» **Dataset content**:
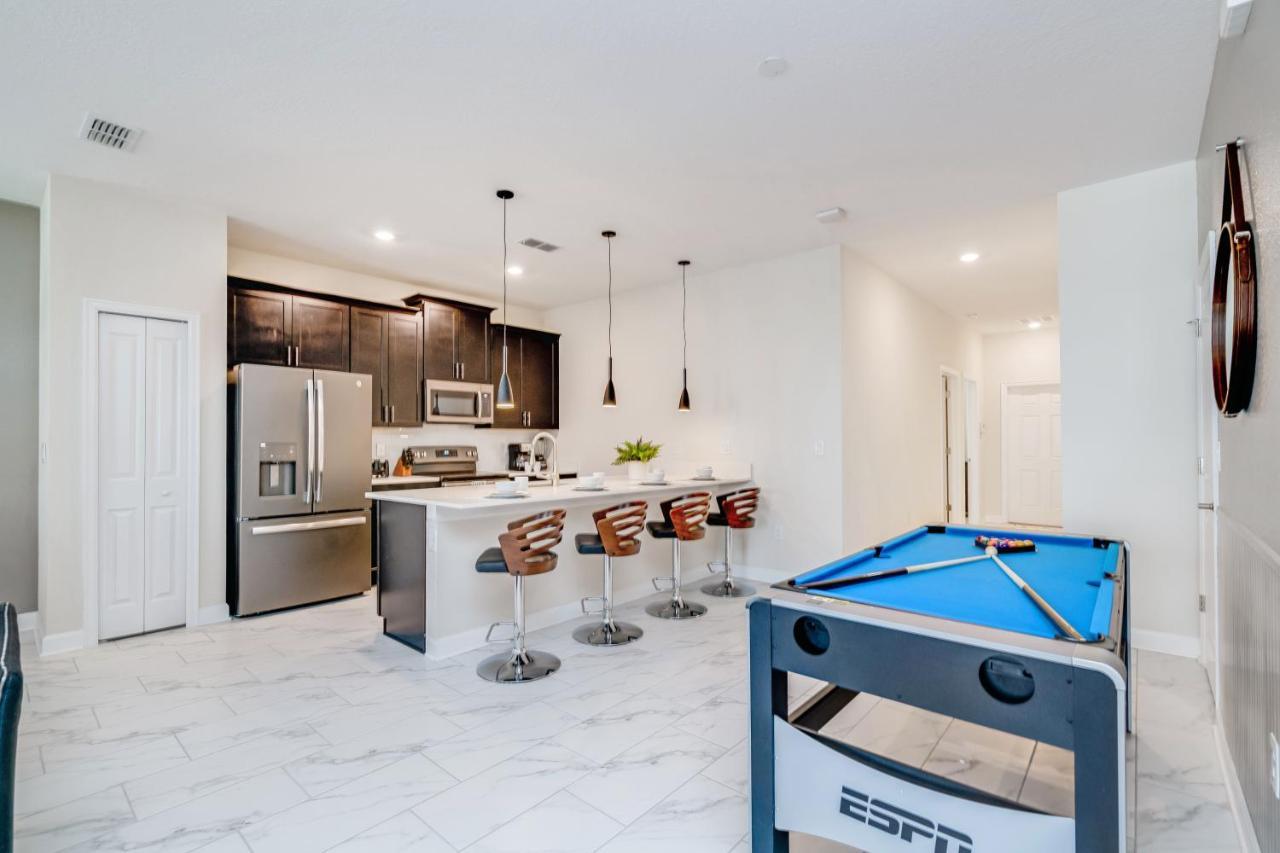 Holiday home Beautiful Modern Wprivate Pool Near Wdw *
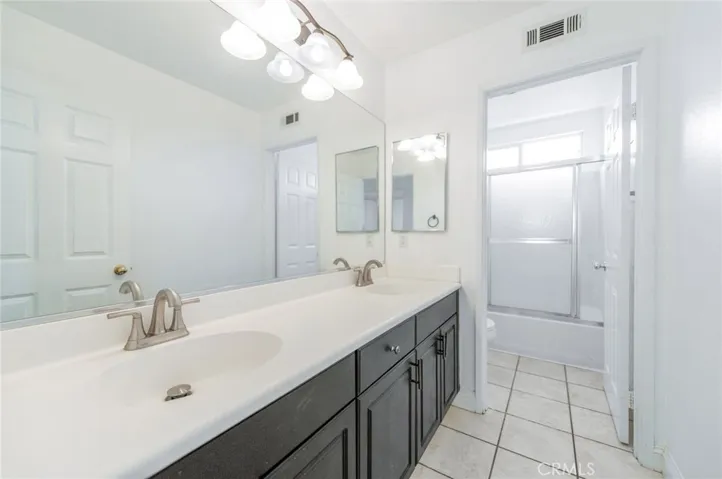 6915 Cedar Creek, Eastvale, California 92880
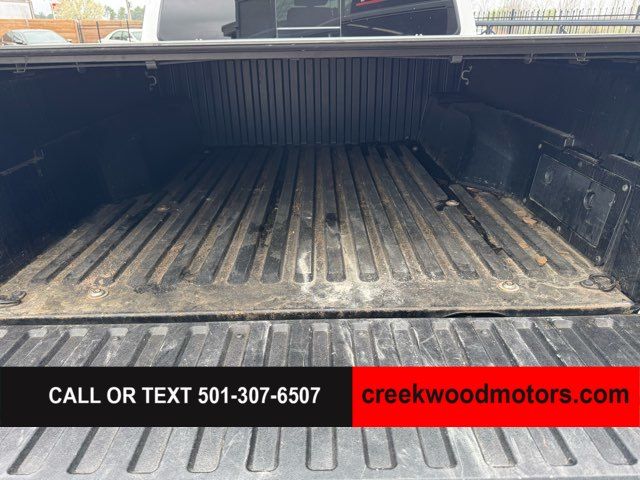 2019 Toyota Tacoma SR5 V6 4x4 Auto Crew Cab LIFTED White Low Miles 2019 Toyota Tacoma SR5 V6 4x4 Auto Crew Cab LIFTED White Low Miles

» **What the exercise asks**:
Your answer should contain all the material above, written out exactly, and none of the pictures.

» **Response**:
 Holiday home Beautiful Modern Wprivate Pool Near Wdw *
 6915 Cedar Creek, Eastvale, California 92880
 2019 Toyota Tacoma SR5 V6 4x4 Auto Crew Cab LIFTED White Low Miles 2019 Toyota Tacoma SR5 V6 4x4 Auto Crew Cab LIFTED White Low Miles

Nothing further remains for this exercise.